JAKARTA – Wakil Presiden RI ke-10 dan ke-12, Jusuf Kalla (JK), menegaskan bahwa akar konflik di Aceh bukanlah perbedaan terkait syariat, melainkan ketimpangan ekonomi. Hal itu ia sampaikan dalam Rapat Dengar Pendapat Umum (RDPU) bersama Badan Legislasi (Baleg) DPR RI terkait Revisi Undang-Undang Pemerintahan Aceh, Kamis (11/9/2025).
JK menjelaskan, dalam memorandum of understanding (MoU) Helsinki yang menandai berakhirnya konflik bersenjata di Aceh, tidak ada satu pun kata yang menyebut syariat. “Aceh itu masalah ketidakadilan ekonomi. Banyak orang katakan masalah syariat, tidak. Di MoU (Helsinki) kata syariat tidak ada,” ujar JK di ruang rapat Baleg DPR.
Ia mencontohkan, Aceh memiliki sumber daya alam melimpah berupa gas alam dan minyak bumi. Namun, masyarakat Aceh tidak banyak merasakan manfaatnya. Eksploitasi sumber daya tersebut justru lebih banyak melibatkan pekerja dari luar Aceh. “Maka terjadilah suatu pikiran yang berakhir dengan konflik negara,” ucapnya.

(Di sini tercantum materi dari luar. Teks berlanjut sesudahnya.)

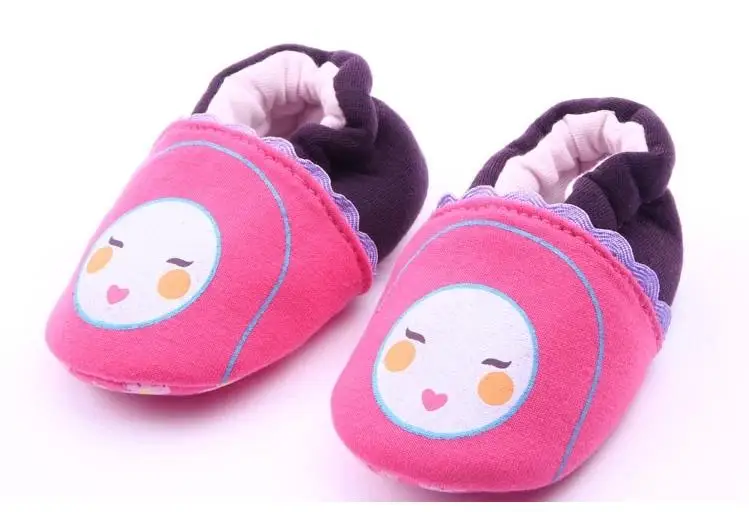 Весенне-осенние Стильные Теплые мягкие носки для маленьких мальчиков и девочек от 0 до 12 месяцев с милым рисунком из мультфильма обувь для кроватки 12 пар/лот - Цвет: 4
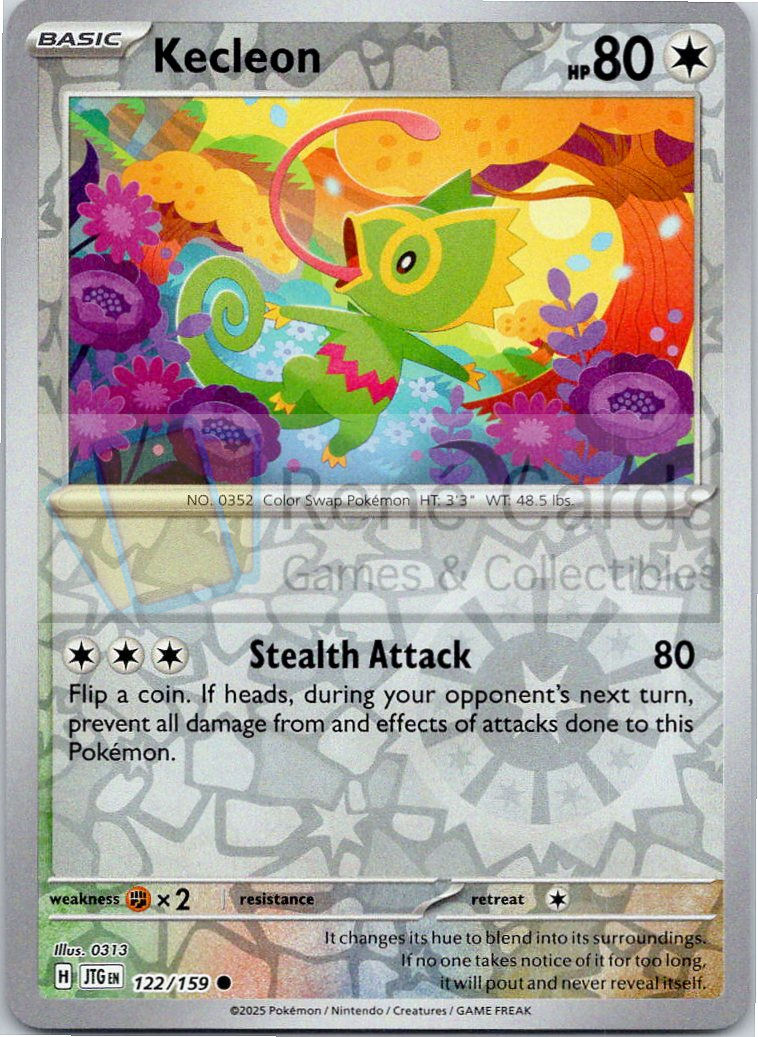 Kecleon - JTG  - 122/159 - Reverse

Menurut JK, kondisi itu kemudian mendorong lahirnya kesepakatan damai untuk menciptakan keadilan bagi masyarakat Aceh agar kembali tumbuh rasa percaya kepada negara.

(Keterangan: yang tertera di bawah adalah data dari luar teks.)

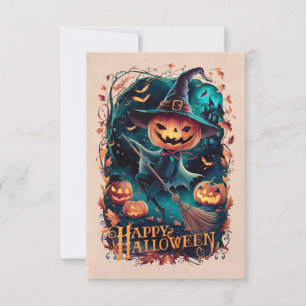 Carte de voeux classique Halloween #5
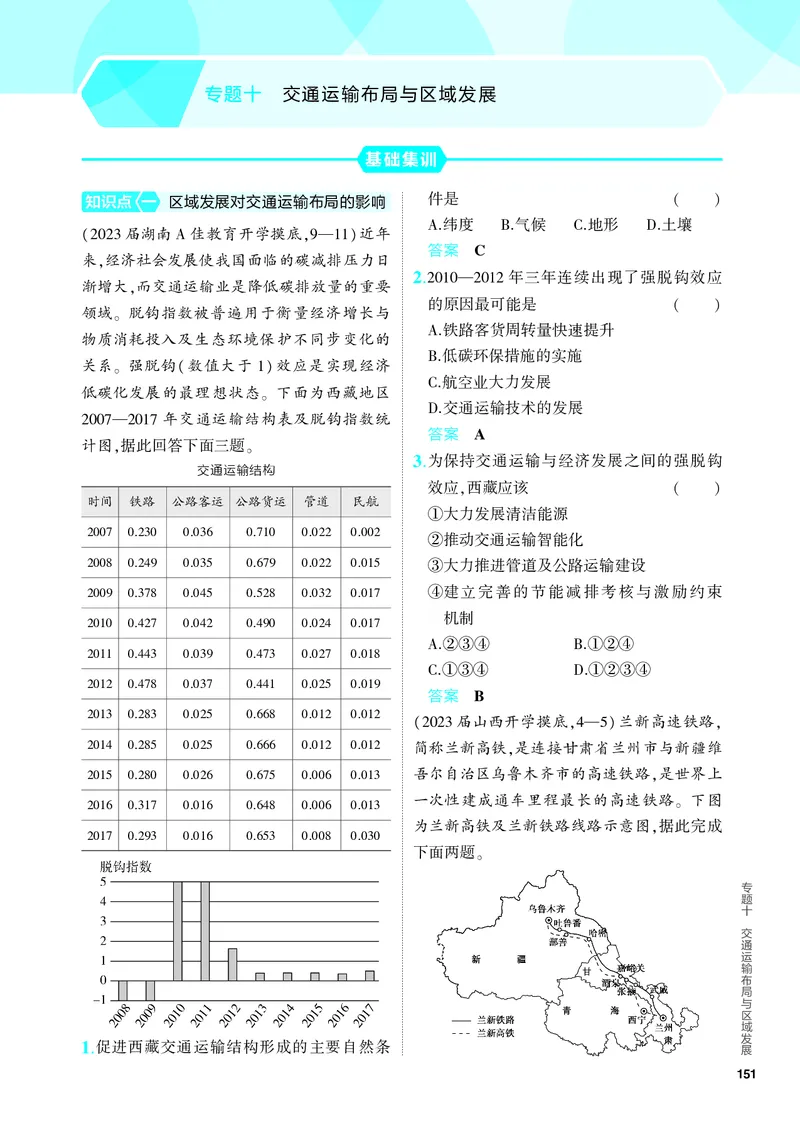 《1_5.PDF教参电子书——分层集训册_2024版教学资源包_2024版.新高考版地理.5·3A版_12_专题十交通运输布局与区域发展_4_PDF教参电子书》第1页预览
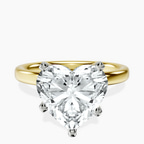 14kt Yellow Gold Four Prong Solitaire 2mm Lab Diamond Ring front image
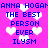 Pixelated text and heart shapes on a bright pink background with blue lettering.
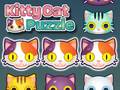 Гульня Kitty Cat Puzzle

Sebagai tokoh penting yang turut memediasi konflik antara Gerakan Aceh Merdeka (GAM) dengan pemerintah Indonesia, JK menilai revisi UU Nomor 11 Tahun 2006 tentang Pemerintahan Aceh perlu memperhatikan aspek keadilan dalam pengelolaan sumber daya alam.
Ketua Baleg DPR RI, Bob Hasan, mengatakan revisi UU tersebut meliputi kewenangan pemerintahan Aceh, pengelolaan sumber daya alam, partai politik lokal, penggunaan dana otonomi khusus (Otsus), hingga penyesuaian kelembagaan dan qanun. “Kami mengharapkan masukan dari H. Muhammad Jusuf Kalla terhadap substansi revisi ini,” ujarnya.